Fake video of Canada’s Ghislaine Maxwell edited using AI

AI Video & Visuals


British socialite Ghislaine Maxwell, currently serving a 20-year prison sentence for sex trafficking, has been circulating a video that social media users claim shows her on the streets of Quebec City, Canada’s French-speaking capital. However, this clip is fake. The account that first shared the video confirmed that the video was created by using artificial intelligence to insert Maxwell’s likeness into the scene.

“Canadian pizza lovers think they’ve met classic pizza delivery girl Ghislaine Maxwell,” the caption of the Feb. 21, 2026, Facebook video claims, seemingly alluding to the debunked “Pizzagate” conspiracy theory.

The clip shows a woman resembling Maxwell doing a double take and denying she is Ghislaine after someone calls her that name on a Quebec City street.

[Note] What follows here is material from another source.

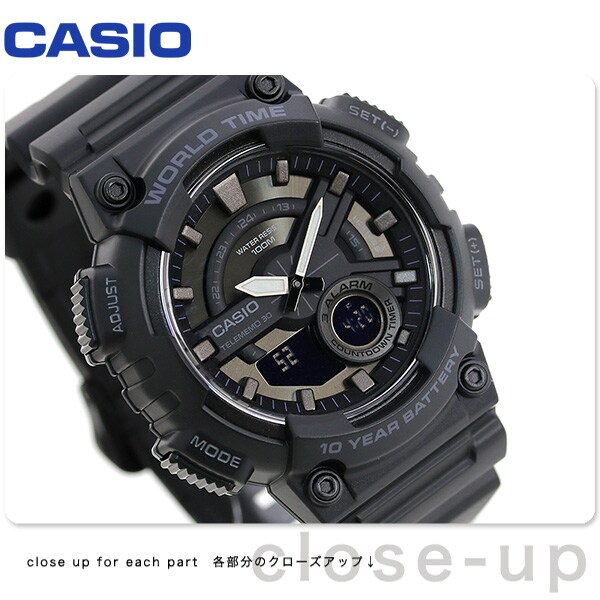 高い素材 新品✨カシオ CASIO メンズ 腕時計 AEQ-110W-1B ブラック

Numerous other posts, some in Spanish, that have been viewed millions of times on Facebook, Instagram, X, and TikTok popularized the video’s visuals. Some users claimed to have provided analysis of the person’s facial features, pointing to her physical resemblance to Maxwell as evidence that she is not in prison and walking free in Canada.

“If you look at the woman in the video, it’s the same woman,” the speaker said in another Facebook video on Feb. 21.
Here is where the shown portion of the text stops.